I think by far the most likely outcome at this stage is a minority Tory administration. After Nick Clegg’s remarks a few moments ago, it is clearly David Cameron’s ball to run with, so here’s what he could do:
First, come to some accommodation with the Ulster Unionists. This should be relatively straightforward.
Second, get on the phone to SNP leader Alex Salmond. Offer fiscal autonomy for Holyrood and a referendum on Scottish independence in return for his support. He would be a fool not to leap at the offer.
Third, since that still wouldn’t give the Tories control of the Commons, try to co-opt the Lib Dems. There’s no need for a coalition – all the Conservatives really need is Lib Dem backing for their budget. Letting Nick Clegg have his ‘Council for Financial Stability’ is an obvious olive branch.
Fourth, focus on what can be done without the need for primary legislation. In reality this is a lot: a public sector efficiency drive, a bonfire of regulations, and even the Tories’ school reforms can be accomplished via secondary legislation and administrative orders.
Fifth, get ready for another election within a year. Come up with a clear platform that (a) people actually understand, and (b) answers the question ‘what will a Conservative government do for me?’

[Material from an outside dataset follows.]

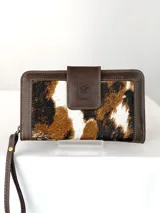 Billetera grande de cuero marrón con detalles en cuero texturado y panel central de pelo con estampado animal print tipo vaca en tonos blanco, marrón y negro. Cuenta con tira de muñeca y cierre de solapa con broche magnético grabado con el logo de un búho.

The fact that the Tories only got 36.1 percent of the vote, despite facing a tired government, a discredited, disliked prime minister, and should make them ask some serious questions about their campaign. Thatcher got 43.9 percent in ’79, 42.4 percent in ’83, and 42.4 percent in ’97. John Major got 41.9 percent in ’92. Whatever the spin coming out of CCHQ, last night was not a victory for Project Cameron.